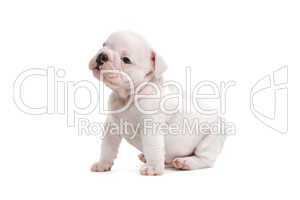 English Bulldog Jungtier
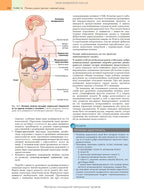 Robbins Basic Pathology: In 2 Volumes. Volume 2 / Vinay Kumar, Abul K. Abbas, Jon C. Aster; translated from the 10th English edition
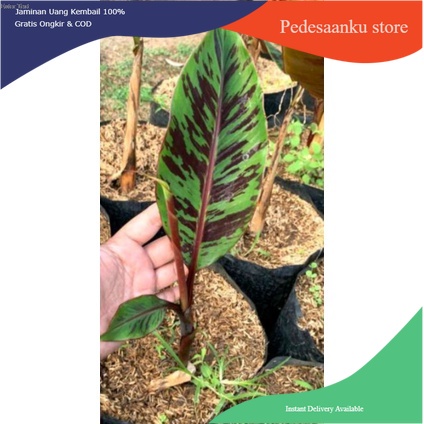 Pisang hias varigata merah blood banana (Musa acuminata var. zebrina)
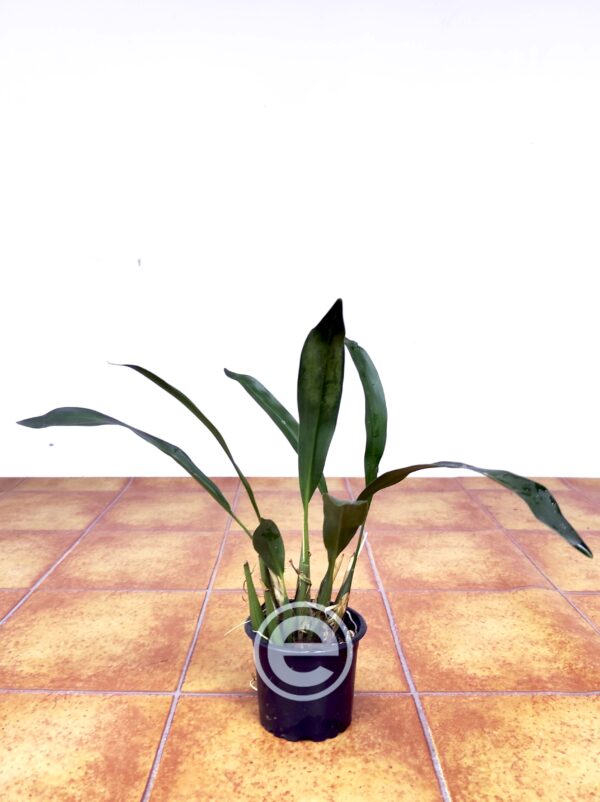 Coelogyne Cobbiana - Sem Flor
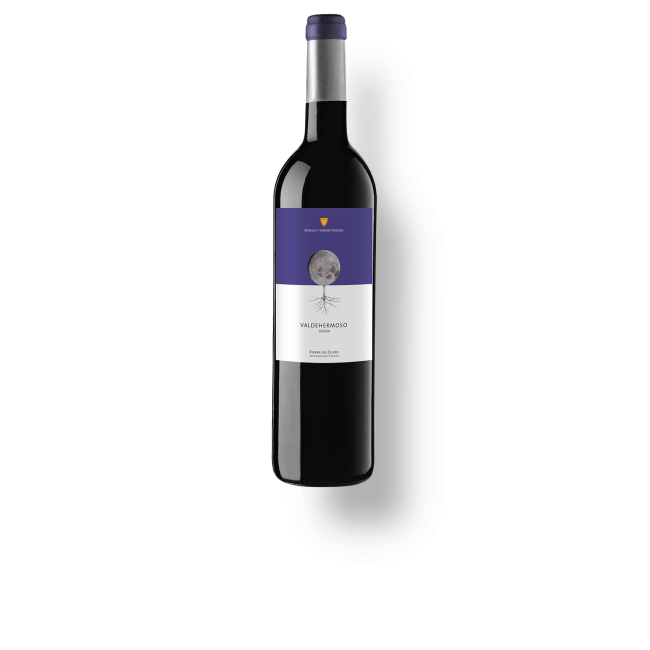 VALDEHERMOSO JOVEN TINTO 2020 750 ml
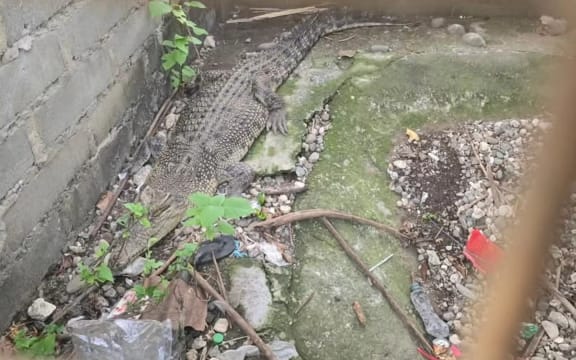 One of the crocodiles inside the litter-filled concrete cage it spent 25 years in.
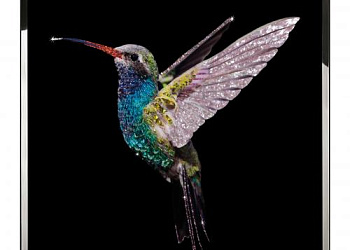 Картина Colibri BIG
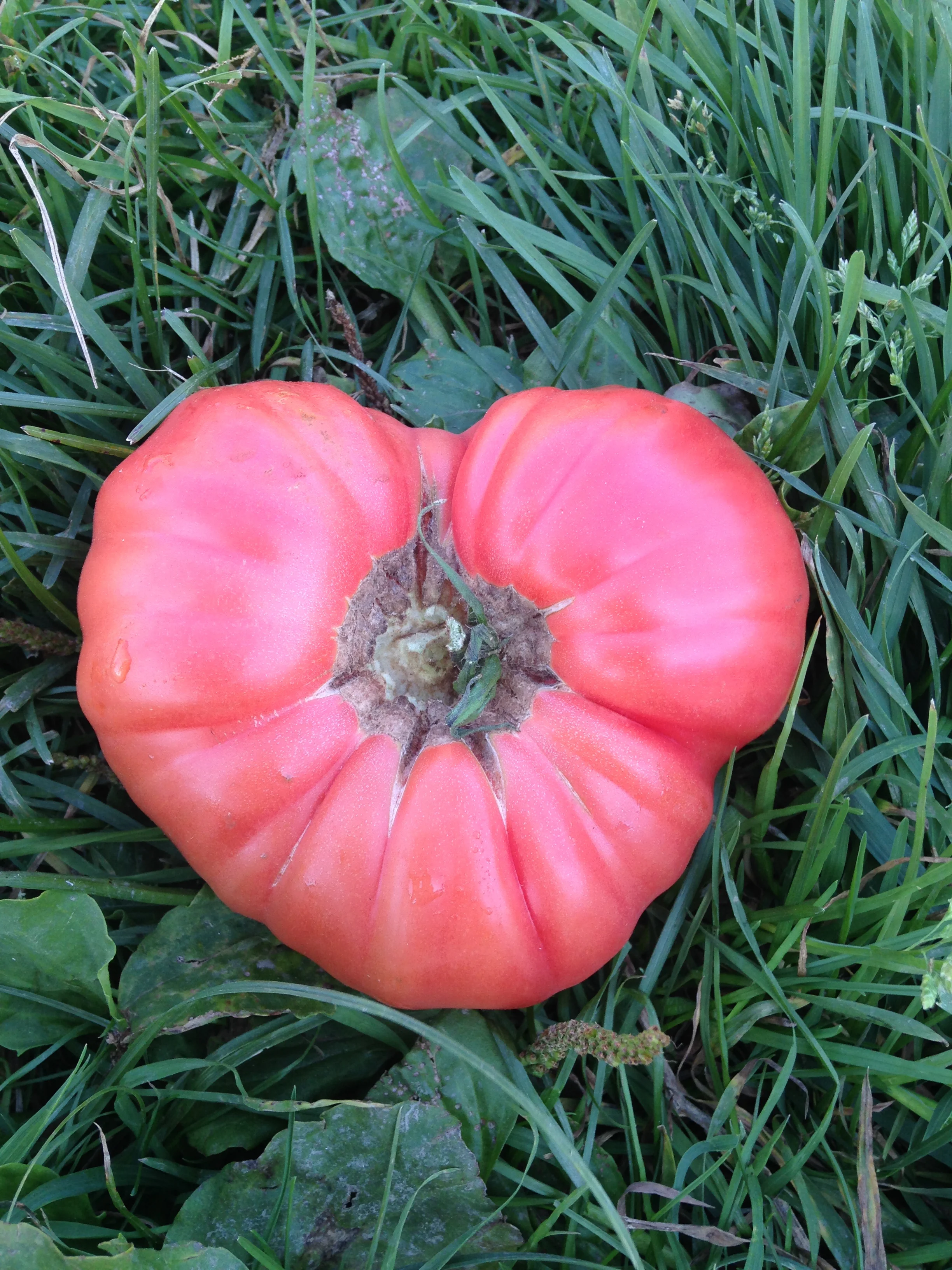 Heirloom tomatoes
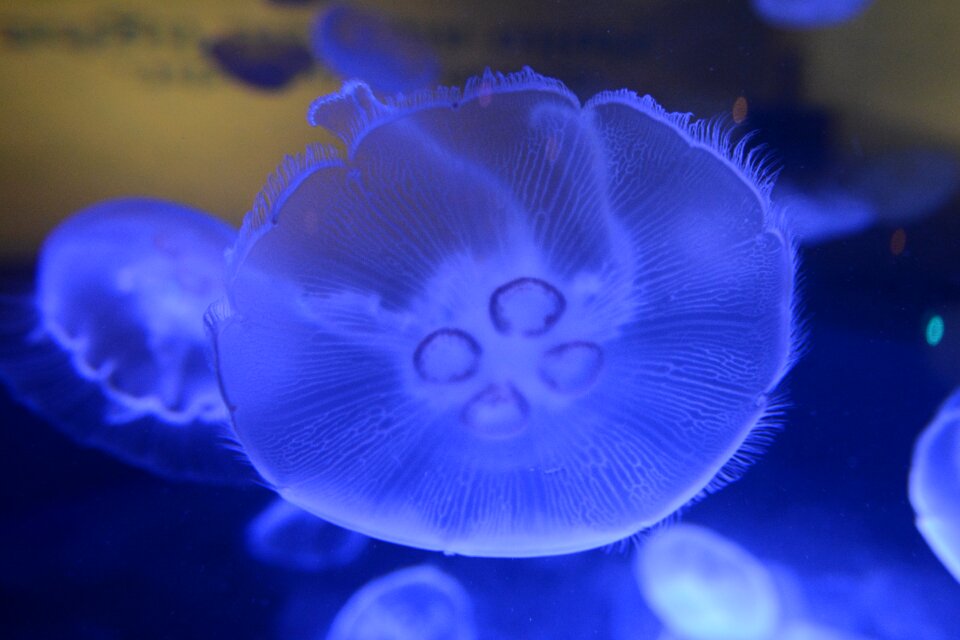 Jelly water sea photo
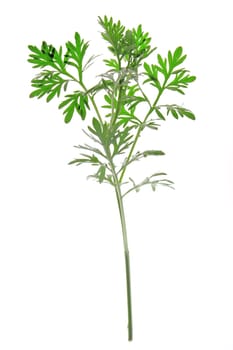small branch with fresh,green leaves of wormwood (Artemisia absinthium) exposed against a white background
━━━━━━
TASK PROMPT =>
All pictures are to be skipped. Output, word for word, the lines in the data above starting at the line containing "Pisang hias varigata" and ending at the line containing "Heirloom tomatoes".

TASK RESPONSE =>
 Pisang hias varigata merah blood banana (Musa acuminata var. zebrina)
 Coelogyne Cobbiana - Sem Flor
 VALDEHERMOSO JOVEN TINTO 2020 750 ml
 One of the crocodiles inside the litter-filled concrete cage it spent 25 years in.
 Картина Colibri BIG
 Heirloom tomatoes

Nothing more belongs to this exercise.